A Word on Cycles, Seasons, and Solstice

I started getting a weekly vegetable box in my mid-20s, back when I lived in San Francisco. I was studying Ayurveda back then and it was important to eat with the seasons.

It would take years before I could successfully cook through everything in my veggie box, eat seasonally, and cook the way I’d envisioned back in those early days. To this day, embracing seasonality has been one of my biggest lessons.

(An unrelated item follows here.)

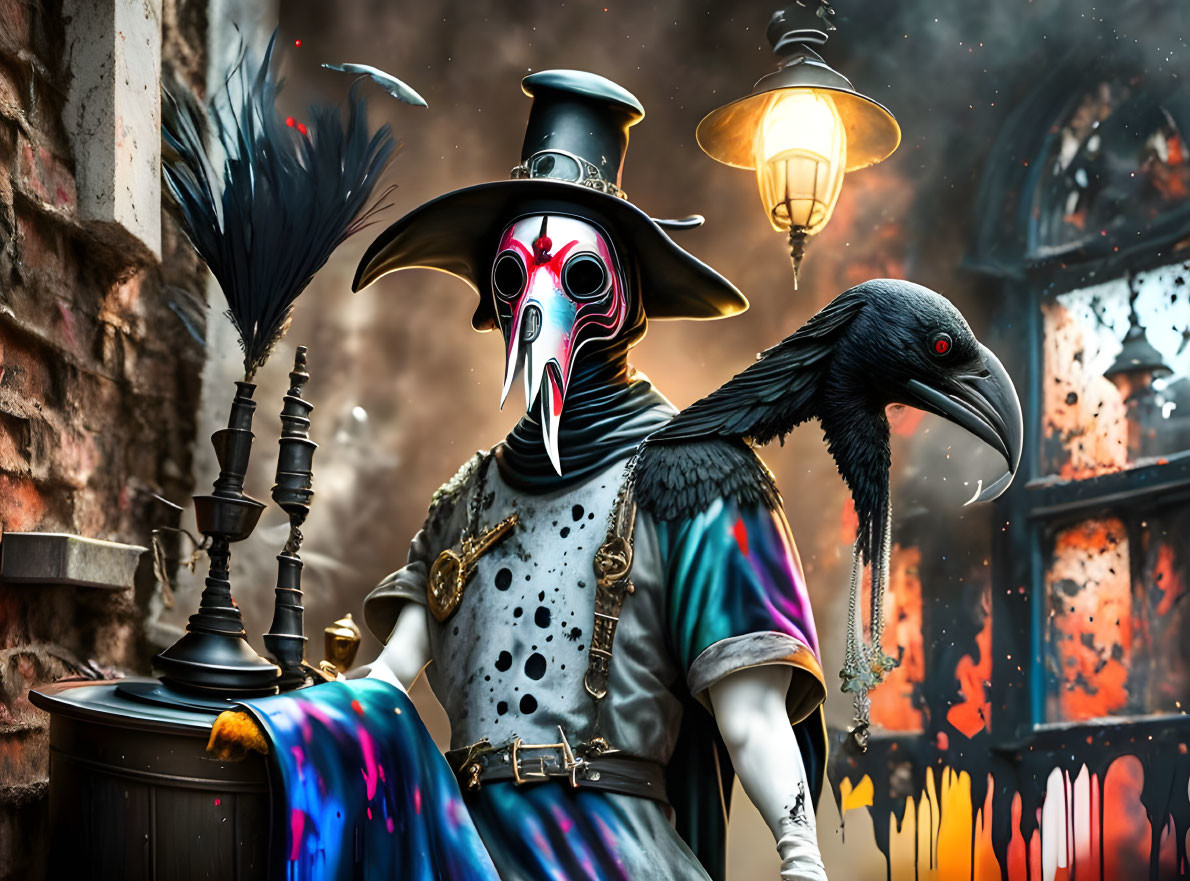 Gothic plague doctor with stylized mask and raven in fiery setting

As we close out our spring session and take a break before we begin the summer session, I’m feeling the importance of reinforcing the pause. Although we are conditioned to think of time as linear, moving from one milestone to the next, I often imagine time as a series of expanding concentric circles. When we return to a place we have been before we are both the same and changed. Our knowing expanded, marking time not just with accomplishments but with an unfolding inside ourselves.

Reflecting on the Season

The rhythm of the seasons offers us a return, a chance to revisit something familiar with fresh eyes. So in the spirit of closing one season and welcoming in what’s next, I encourage you to reflect on the Spring:

  • What did this past season teach you?
  • How have you changed from having lived through it?
  • What did you plant, let go of, or tend to?
  • As the solstice arrives tomorrow, June 20th, what intention might you want to set for the coming season?
  • Are you craving play, rest, adventure?
  • Do you want to focus on something new, or tend more lovingly to something that already exists?

What Summer Brings

Personally, I always expect summer to be slow. And in some ways, it is. The schedule relaxes, the hustle softens.

But I’ve come to realize that, workwise, spring is a time of planting and patience, while summer is full of energy, movement, and growth.

I’ve learned to temper my expectations of slowness and instead welcome the spontaneous harvest of what’s been quietly coming to life.

Welcoming the New Season

Wherever this new season finds you, I hope you’ll meet it with presence and a gentle curiosity for what’s ready to emerge.